Another example are the on-ramps of Magic WAN, such as GRE or IPsec tunnels, which also bring raw IP packets from customer’s networks to Cloudflare data centers. Unlike WARP, where its IP packets are decapsulated in user space, for GRE and IPsec we rely on the Linux kernel to do the job for us. Hence, we have no state whatsoever between two consecutive IP packets coming from the same customer, as the Linux kernel is routing them independently.
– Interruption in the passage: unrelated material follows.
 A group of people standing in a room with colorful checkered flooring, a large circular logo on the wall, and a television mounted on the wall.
To accommodate the differences between IP packet handling in user space and the kernel, Oxy differentiates two types of IP tunnels:

  • Connected IP tunnels — as explained for WARP above, where the context is passed once, in the first datagram of the IP Tunnel SEQPACKET connection
  • Unconnected IP tunnels — used by Magic WAN, where each IP packet is encapsulated (using GUE, i.e. Generic UDP Encapsulation) to accommodate the context and unconnected UDP sockets are used

Encapsulating every IP packet comes at the cost of extra CPU usage. But moving the packet around to and from an Oxy instance does not change much regardless of the encapsulation, as we do not have MTU limitations inside our data centers. This way we avoid causing IP packet fragmentation, whose reassembly takes a toll on CPU and Memory usage.

Tracking IP flows

Once IP packets arrive to Oxy, regardless of how they on-ramp, we must decide what to do with them. We decided to rely on the idea of IP flows, as that is inherent to most protocols: a point to point interaction will generally be bounded in time and follow some type of state machine, either known by the transport or by the application protocol.
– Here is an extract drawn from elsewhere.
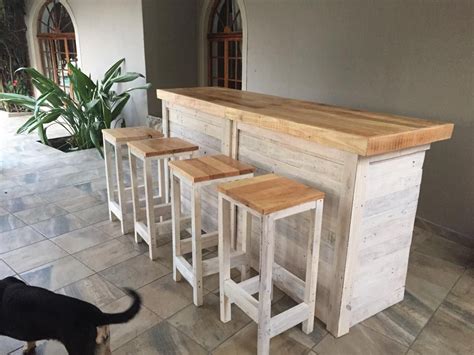 Bar counter installed in the living room or onkitchen, practical and very convenient for drinking drinks or quick snacks. Bar Counter with Stools from Pallet Wood | Diy bar stools, Pallet bar stools, Diy outdoor bar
We perform flow tracking to detect IP flows. When handling an on-ramped IP packet, we parse its IP header and possible transport (i.e. OSI Model layer 4) header. We use the excellent etherparse Rust crate for this purpose, which parses the flow signature, with a source and destination IP address, ports (optional) and protocol. We then look up whether there is already a known IP flow for that signature: if so, then the packet is proxied through the path already determined for that flow towards its off-ramp. If the flow is new, then its upstream route is computed and memoized for future packets. This is in essence what routers do, and to some extent Oxy handling of IP packets is meant to operate as a router.
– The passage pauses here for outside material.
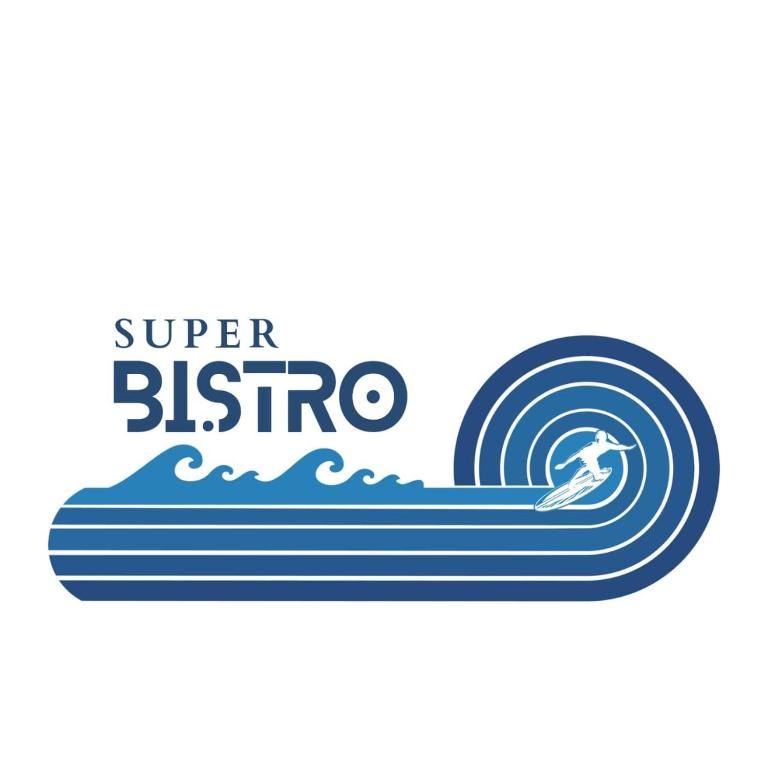 a surfer is riding a wave on a surfboard at Super Bistro in Pottuvil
The interesting thing about tracking IP flows is that we can now expose their lifetime events to the application built on top of Oxy, via its hooks. Applications can then use these events for interesting operations, such as:

  • Applying Zero Trust principles before allowing the IP flow through, such as our Secure Web Gateway policies
  • Emitting audit logs that collect the decisions taken at the start of the IP flow
  • Collecting metadata about the traffic processed by the time the IP flow ends, e.g., to support billing calculations
  • Computing routing decisions of where to send the IP flow next, e.g. to another Cloudflare product/service, or off-ramped to the Internet, or to another Cloudflare One connector

From an IP flow to a TCP stream

You would think that most applications do not handle IP packets directly. That is a good hunch, and also a fact at Cloudflare: many systems operate at the application layer (OSI Model layer 7) where they can inspect traffic in a way much closer to what the end user is perceiving.

To get closer to that reality, Oxy can upgrade an IP flow to the transport layer (OSI Model layer 4). We first consider what this means for the case of TCP traffic. The problem that we want to solve is to process a given stream of raw IP packets, with the same TCP flow signature initiating a TCP handshake, and obtain as a result a TCP connection streaming data. Hence, we need a TCP protocol implementation that can be used from userspace.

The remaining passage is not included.